Lymph Node Surgery
Lymph nodes are found throughout the body and are involved with the body’s immune system (defences against infections or cancers). The nodes act like a filter, the organisms that cause infections or cancer cells are caught as they pass through the lymph node. It is here that the body can identify the abnormality and activate a response to try and remove the infection or cancer, not only from the node but anywhere else in the body it is found.
The number of cancer cells, when they initially are caught in the node, will be too small to be seen on a scan, but could be detected by a procedure known as a Sentinel Node Biopsy. Alternatively if the cancer is able to grow there will come a point when it could be seen on a scan or detected by the patient or doctor as a lump (palpable). At this point the affected node is likely to need removing by an operation called a lymph node dissection.
It is important to remember that just because a node is palpable, does not mean to say it is a cancer. If you have a sore throat from a virus then the glands or nodes in your neck are often palpable and they settle as the infect settles. However if you have had a skin cancer (not including basal cell carcinoma) and you have a node which is close to where your skin cancer was and is palpable then you should see a doctor to have it assessed.
Sentinel Node Biopsy
Sentinel Node Biopsy (SNB) is an accurate procedure in determining whether your skin cancer has moved away from the skin to the lymph nodes. It is normally applicable for around 50% of patients who have had a diagnosis of melanoma depending upon certain features seen by the pathologist. If a melanoma has moved, it is most likely to go to one of the lymph nodes (glands) which is responsible for looking after the area of your body where your melanoma was. If you imagine lymph nodes are arranged like a bunch of grapes - a SNB identifies the region or regions where these bunch of lymph nodes are located and also pinpoints node within the bunch which is scanning the area where your melanoma was.
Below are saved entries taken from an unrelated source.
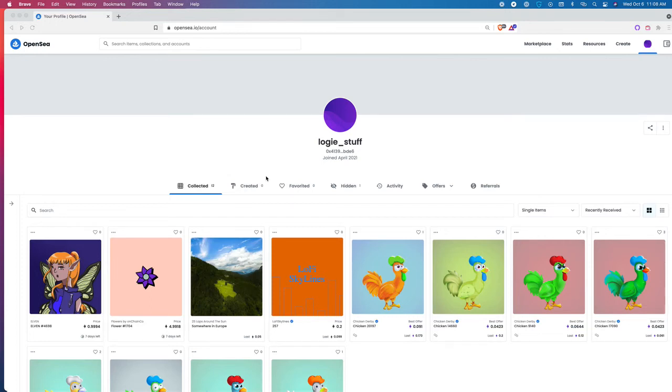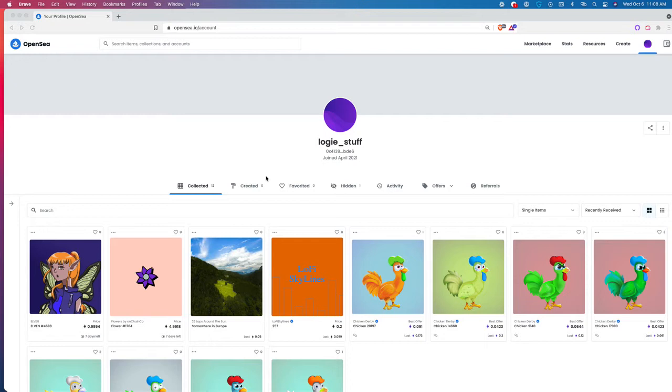Hey everyone, this is Logan from Lucky Trader here to do a quick tutorial on how to transfer an NFT utilizing OpenSea. Once you've headed to your OpenSea profile and you are viewing all the NFTs, you've selected an NFT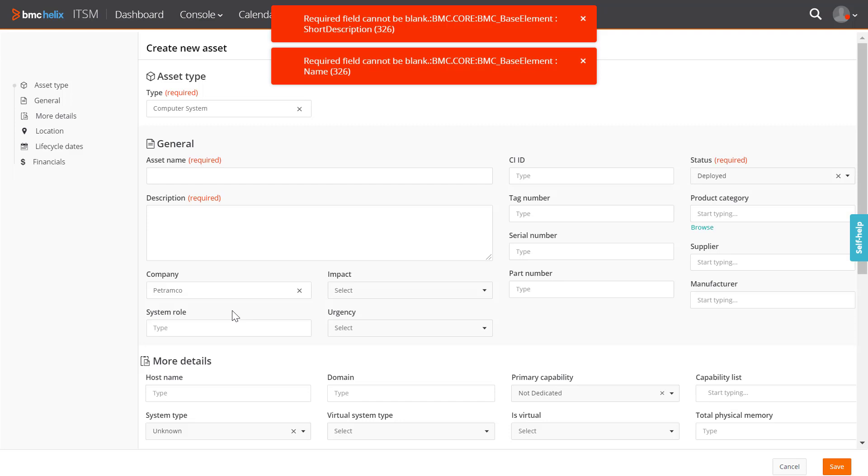If you click Save without specifying all the mandatory fields, a warning message is displayed on the screen, and the asset is not created.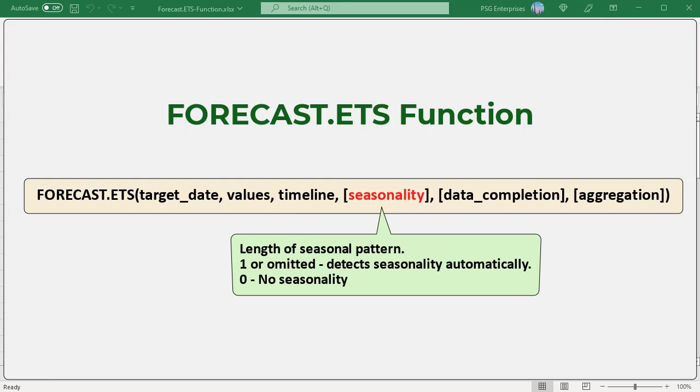Seasonality: a number representing the length of the seasonal pattern. If omitted, the default is 1 and Excel detects seasonality automatically using positive whole numbers. Zero means no seasonality, resulting in a linear forecast. Positive whole numbers instruct the algorithm to use patterns of that length as the seasonality. The maximum supported seasonality is 8,760 — the number of hours in a year. Any seasonality above that number will result in a #NUM error.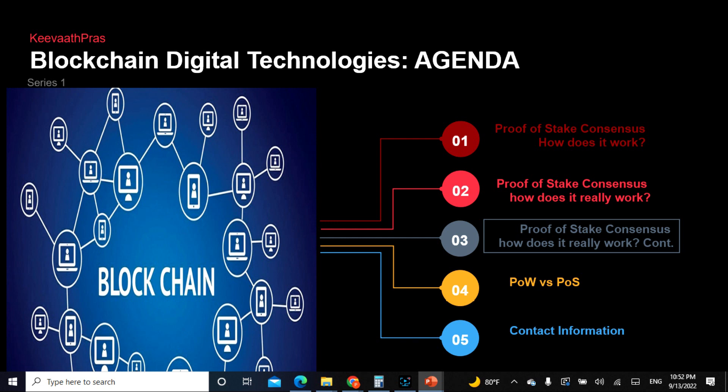In today's lecture, we'll be seeing a continuation of the consensus topic, as I told you it will probably take two or three lectures. Today we are going to be seeing what proof of stake is, how it works, and the difference between proof of work and proof of stake.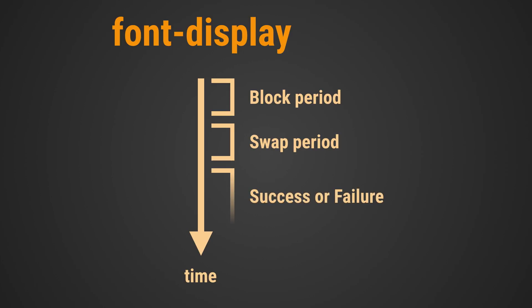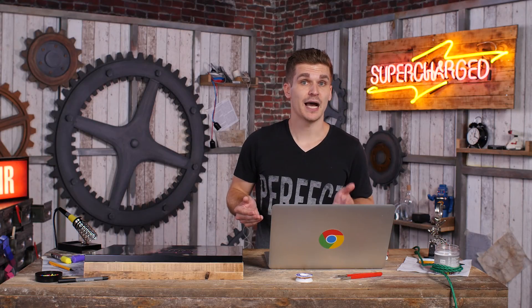If the failure period is reached, loading the web font is considered to have failed and the fallback font will be used. Font display offers modes that allocate different amounts of time to the different periods.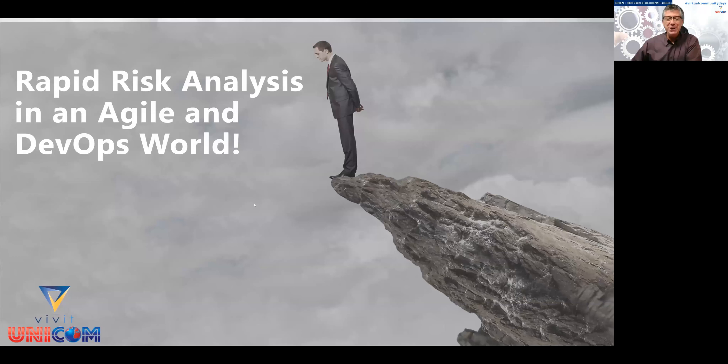Looking forward to chatting with you after you listen to this session. Thank you so much for joining me today. Today's session is rapid risk analysis in an agile and DevOps world.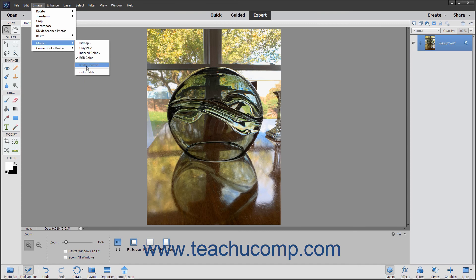If a mode is not available for the selected image, then it will appear as being grayed out within this side menu.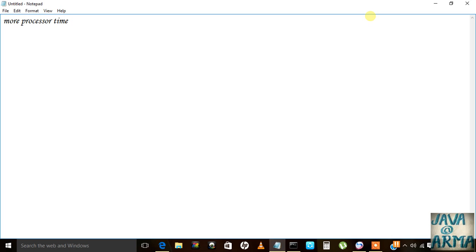If we run the program of Swing in any platform like Linux or anywhere else, it won't change the design of the frame or anything. It will remain the same. These are the benefits of Swing.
A SNB involves injection of two dyes. First of all a radioactive dye is injected at the site of where your melanoma was, the day before or the day of your surgery. This is carried out at either at the Leeds General Infirmary or St. James's Hospital, after which you make your way to the Spire Hospital for your operation. When you are a sleep a blue dye is injected again at the same site and the combination of blue dye and radioativity allows an accurate identification of the sentinel node. This process permits accurate identification (~96-99% accuracy) of the sentinel node for your cancer. At the same time as your wide local excision, this identified node is removed and sent for analysis. The risk of having a ‘bad’ node varies according to the initial pathology of your melanoma, but will be around 15-40%.
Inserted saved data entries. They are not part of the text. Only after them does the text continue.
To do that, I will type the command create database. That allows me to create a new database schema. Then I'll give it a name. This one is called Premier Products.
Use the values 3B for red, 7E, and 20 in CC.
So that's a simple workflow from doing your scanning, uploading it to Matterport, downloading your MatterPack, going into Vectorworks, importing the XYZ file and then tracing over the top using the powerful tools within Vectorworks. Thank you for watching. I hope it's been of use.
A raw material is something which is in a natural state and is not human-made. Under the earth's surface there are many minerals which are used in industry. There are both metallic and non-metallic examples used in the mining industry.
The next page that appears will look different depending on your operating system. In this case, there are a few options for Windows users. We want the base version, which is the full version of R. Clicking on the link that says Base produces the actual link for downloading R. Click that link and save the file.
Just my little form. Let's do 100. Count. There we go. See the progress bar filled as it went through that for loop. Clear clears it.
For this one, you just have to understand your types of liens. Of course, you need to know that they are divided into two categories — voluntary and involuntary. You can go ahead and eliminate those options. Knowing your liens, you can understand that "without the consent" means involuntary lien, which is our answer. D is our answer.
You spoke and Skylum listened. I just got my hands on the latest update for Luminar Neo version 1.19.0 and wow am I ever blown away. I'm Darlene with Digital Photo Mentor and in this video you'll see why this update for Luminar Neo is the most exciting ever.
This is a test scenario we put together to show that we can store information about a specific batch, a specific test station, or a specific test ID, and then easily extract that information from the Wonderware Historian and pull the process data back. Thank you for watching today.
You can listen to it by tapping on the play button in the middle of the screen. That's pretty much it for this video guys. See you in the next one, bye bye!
Mr Peach has performed nearly 1200 SNBs and is able to identify and remove nodes from the neck, axilla, groin and pelvis. He has presented at national and international meetings, has taught trainees and consultant colleagues and acted as an advisor to NICE on SNB for the latest UK national guidelines on managing melanoma. He chaired a national consensus meeting on SNB and then published the recommendations. The indications for a SNB do vary internationally, however Mr peach will, carefully explain what is involved and discuss the merits and demerits of proceeding with a SNB for your individual skin cancer.
Lymph Node Dissection
The lymph nodes that are most frequently involved with skin cancer are found in the axilla (armpit), groin or pelvis and sometimes the neck. When an abnormal lymph node is seen on a scan or felt as a lump, there is at least a 50% chance that other lymph nodes nearby will be involved too, but not visible or palpable. The recommendation when a ‘bad’ node is detected is to have that node and its associated nodes removed, an operation known as a lymph node dissection.
Mr Peach will discuss what the surgery entails to ensure that you are fully prepared and understand why it is recommended and what the impact may be. He has performed over 600 such dissections and has fine tuned the process to ensure the highest surgical standards.
Until recently the recommended standard of care was to offer patients who have had a ve sentinel node (bad node detected) a lymph node dissection. However the latest evidence from two large international trials has questioned whether this is required for all patients. Mr. Peach will discuss the options for individuals in whom a ‘bad’ sentinel node has been found.